◆ Exercise instructions:
Your answer should consist solely of the lines from the first line of the data through the line with "M7110NL,Namesake Kids,Liberty Play", each reproduced exactly.

Data items
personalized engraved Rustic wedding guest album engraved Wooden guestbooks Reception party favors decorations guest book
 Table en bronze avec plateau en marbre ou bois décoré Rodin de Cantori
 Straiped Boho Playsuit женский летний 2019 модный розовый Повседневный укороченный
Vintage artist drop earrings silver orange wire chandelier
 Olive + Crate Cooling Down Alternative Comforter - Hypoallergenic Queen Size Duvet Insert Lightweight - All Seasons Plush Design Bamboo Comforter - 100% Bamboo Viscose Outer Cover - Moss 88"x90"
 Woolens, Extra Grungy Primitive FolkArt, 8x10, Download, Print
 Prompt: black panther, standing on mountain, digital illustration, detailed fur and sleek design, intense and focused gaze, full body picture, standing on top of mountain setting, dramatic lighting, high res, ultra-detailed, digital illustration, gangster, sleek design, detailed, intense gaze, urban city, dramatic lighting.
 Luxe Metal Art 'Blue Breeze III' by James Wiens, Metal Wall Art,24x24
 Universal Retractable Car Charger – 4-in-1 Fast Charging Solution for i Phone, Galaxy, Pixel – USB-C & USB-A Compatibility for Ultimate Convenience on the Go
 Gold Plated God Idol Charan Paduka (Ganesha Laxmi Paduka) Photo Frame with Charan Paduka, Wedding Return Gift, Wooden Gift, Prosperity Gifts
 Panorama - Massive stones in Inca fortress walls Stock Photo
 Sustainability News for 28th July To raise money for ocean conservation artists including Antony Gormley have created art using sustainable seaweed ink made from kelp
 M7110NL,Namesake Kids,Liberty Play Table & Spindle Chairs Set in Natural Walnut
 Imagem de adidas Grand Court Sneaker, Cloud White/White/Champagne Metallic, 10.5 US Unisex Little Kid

◆ Final answer:
personalized engraved Rustic wedding guest album engraved Wooden guestbooks Reception party favors decorations guest book
 Table en bronze avec plateau en marbre ou bois décoré Rodin de Cantori
 Straiped Boho Playsuit женский летний 2019 модный розовый Повседневный укороченный
Vintage artist drop earrings silver orange wire chandelier
 Olive + Crate Cooling Down Alternative Comforter - Hypoallergenic Queen Size Duvet Insert Lightweight - All Seasons Plush Design Bamboo Comforter - 100% Bamboo Viscose Outer Cover - Moss 88"x90"
 Woolens, Extra Grungy Primitive FolkArt, 8x10, Download, Print
 Prompt: black panther, standing on mountain, digital illustration, detailed fur and sleek design, intense and focused gaze, full body picture, standing on top of mountain setting, dramatic lighting, high res, ultra-detailed, digital illustration, gangster, sleek design, detailed, intense gaze, urban city, dramatic lighting.
 Luxe Metal Art 'Blue Breeze III' by James Wiens, Metal Wall Art,24x24
 Universal Retractable Car Charger – 4-in-1 Fast Charging Solution for i Phone, Galaxy, Pixel – USB-C & USB-A Compatibility for Ultimate Convenience on the Go
 Gold Plated God Idol Charan Paduka (Ganesha Laxmi Paduka) Photo Frame with Charan Paduka, Wedding Return Gift, Wooden Gift, Prosperity Gifts
 Panorama - Massive stones in Inca fortress walls Stock Photo
 Sustainability News for 28th July To raise money for ocean conservation artists including Antony Gormley have created art using sustainable seaweed ink made from kelp
 M7110NL,Namesake Kids,Liberty Play Table & Spindle Chairs Set in Natural Walnut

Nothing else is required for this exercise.